To refresh our memories, here is a snippet of Alan Greenspan background :-

He originally took office as Chairman and to fill an unexpired term as a member of the Board on August 11, 1987. Dr. Greenspan was reappointed to the Board to a full 14-year term, which began February 1, 1992, and ends January 31, 2006. He has been designated Chairman by Presidents Reagan, Bush, Clinton, and Bush.

Dr. Greenspan was born on March 6, 1926, in New York City. He received a B.S. in economics (summa cum laude) in 1948, an M.A. in economics in 1950, and a Ph.D. in economics in 1977, all from New York University. Dr. Greenspan also has performed advanced graduate study at Columbia University.

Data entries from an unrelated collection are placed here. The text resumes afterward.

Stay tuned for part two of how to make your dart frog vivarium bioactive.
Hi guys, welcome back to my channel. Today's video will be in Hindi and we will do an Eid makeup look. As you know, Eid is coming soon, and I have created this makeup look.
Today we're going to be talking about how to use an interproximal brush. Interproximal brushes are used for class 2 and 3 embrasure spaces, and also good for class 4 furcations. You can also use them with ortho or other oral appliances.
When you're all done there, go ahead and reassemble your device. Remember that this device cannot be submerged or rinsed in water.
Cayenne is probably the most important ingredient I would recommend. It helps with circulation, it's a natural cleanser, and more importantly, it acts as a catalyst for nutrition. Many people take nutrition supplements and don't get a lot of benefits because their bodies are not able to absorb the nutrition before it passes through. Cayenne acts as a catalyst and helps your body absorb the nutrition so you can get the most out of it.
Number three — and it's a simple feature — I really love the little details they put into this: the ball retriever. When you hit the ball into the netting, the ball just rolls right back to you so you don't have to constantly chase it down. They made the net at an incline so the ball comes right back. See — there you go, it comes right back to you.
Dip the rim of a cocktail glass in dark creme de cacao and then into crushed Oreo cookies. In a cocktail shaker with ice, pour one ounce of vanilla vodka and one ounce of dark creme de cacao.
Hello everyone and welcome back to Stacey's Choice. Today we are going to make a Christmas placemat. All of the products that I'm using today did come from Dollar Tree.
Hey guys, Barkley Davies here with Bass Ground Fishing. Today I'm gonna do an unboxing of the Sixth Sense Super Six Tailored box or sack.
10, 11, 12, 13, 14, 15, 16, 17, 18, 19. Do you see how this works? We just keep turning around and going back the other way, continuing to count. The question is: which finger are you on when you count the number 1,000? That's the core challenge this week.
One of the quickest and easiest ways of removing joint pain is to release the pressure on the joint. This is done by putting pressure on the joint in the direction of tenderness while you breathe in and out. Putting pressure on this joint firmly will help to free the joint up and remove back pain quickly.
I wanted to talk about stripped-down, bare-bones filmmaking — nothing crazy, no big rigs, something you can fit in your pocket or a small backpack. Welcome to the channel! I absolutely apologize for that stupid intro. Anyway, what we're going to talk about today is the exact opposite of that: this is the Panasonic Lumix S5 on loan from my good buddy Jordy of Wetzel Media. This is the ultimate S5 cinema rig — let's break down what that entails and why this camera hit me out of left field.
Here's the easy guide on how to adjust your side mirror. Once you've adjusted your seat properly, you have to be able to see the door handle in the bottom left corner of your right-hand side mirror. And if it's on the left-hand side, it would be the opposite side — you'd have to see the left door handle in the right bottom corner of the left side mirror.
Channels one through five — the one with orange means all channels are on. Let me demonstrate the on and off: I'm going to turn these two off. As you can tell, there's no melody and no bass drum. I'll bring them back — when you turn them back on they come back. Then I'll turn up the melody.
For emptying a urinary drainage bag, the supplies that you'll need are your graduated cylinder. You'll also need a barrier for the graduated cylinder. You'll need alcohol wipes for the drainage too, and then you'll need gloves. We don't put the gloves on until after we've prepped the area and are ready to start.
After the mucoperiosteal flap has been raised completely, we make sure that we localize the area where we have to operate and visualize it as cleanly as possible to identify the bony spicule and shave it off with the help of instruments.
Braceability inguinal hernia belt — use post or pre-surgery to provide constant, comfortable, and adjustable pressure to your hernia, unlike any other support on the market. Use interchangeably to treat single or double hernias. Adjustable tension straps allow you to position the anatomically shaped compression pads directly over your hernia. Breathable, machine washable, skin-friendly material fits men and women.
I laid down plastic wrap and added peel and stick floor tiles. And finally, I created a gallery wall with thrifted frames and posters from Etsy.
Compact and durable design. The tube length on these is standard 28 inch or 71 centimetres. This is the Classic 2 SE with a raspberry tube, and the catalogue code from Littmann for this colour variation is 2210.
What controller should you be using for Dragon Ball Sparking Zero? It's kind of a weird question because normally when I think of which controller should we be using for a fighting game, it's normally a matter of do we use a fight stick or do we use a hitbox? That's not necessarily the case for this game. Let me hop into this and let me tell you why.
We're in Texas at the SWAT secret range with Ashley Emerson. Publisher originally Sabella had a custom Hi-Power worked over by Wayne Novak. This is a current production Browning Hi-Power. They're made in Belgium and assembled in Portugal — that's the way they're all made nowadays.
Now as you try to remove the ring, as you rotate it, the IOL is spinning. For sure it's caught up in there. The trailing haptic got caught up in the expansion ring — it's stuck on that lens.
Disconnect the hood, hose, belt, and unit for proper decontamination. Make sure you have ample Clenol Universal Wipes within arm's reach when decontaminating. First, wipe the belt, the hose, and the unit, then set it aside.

From 1954 to 1974 and from 1977 to 1987, Dr. Greenspan was Chairman and President of Townsend-Greenspan & Co., Inc., an economic consulting firm in New York City. From 1974 to 1977, he served as Chairman of the President's Council of Economic Advisers under President Ford, and from 1981 to 1983, as Chairman of the National Commission on Social Security Reform.

Dr. Greenspan has also served as a member of President Reagan's Economic Policy Advisory Board, a member of Time magazine's Board of Economists, a senior adviser to the Brookings Panel on Economic Activity, and a consultant to the Congressional Budget Office.

His previous Presidential appointments include the President's Foreign Intelligence Advisory Board, the Commission on Financial Structure and Regulation, the Commission on an All-Volunteer Armed Force, and the Task Force on Economic Growth.

Before his appointment to the Board, Dr. Greenspan served as a corporate director for Aluminum Company of America (Alcoa); Automatic Data Processing, Inc.; Capital Cities/ABC, Inc.; General Foods, Inc.; J.P. Morgan & Co., Inc.; Morgan Guaranty Trust Company of New York; Mobil Corporation; and The Pittston Company.

His noncorporate positions have included Member of the Board of Trustees, The Rand Corporation; Director, Institute for International Economics; Member of the Board of Overseers, Hoover Institution (at Stanford University); and Vice Chairman and Trustee, Economic Club of New York.

Dr. Greenspan has served as Chairman of the Conference of Business Economists, President and Fellow of the National Association of Business Economists, and Director of the National Economists Club.

Dr. Greenspan has received honorary degrees from Harvard, Yale, Pennsylvania, Leuven (Belgium), Notre Dame, Wake Forest, Colgate, and Edinburgh universities. His other awards include the Thomas Jefferson Award for the greatest public service performed by an elected or appointed official, presented by the American Institute for Public Service, 1976 (joint recipient with Dr. Arthur Burns and William Simon); election as a Fellow of the American Statistical Association, 1989; decorated Legion of Honor (Commander) France, 2000; recipient of the American Philosophical Society’s Benjamin Franklin Award for Distinguished Public Service, 1998, and election as a member of the society, 2000; honorary Knight Commander of the British Empire, 2002; and the first recipient of the Gerald R. Ford Medal for Distinguished Public Service, 2003.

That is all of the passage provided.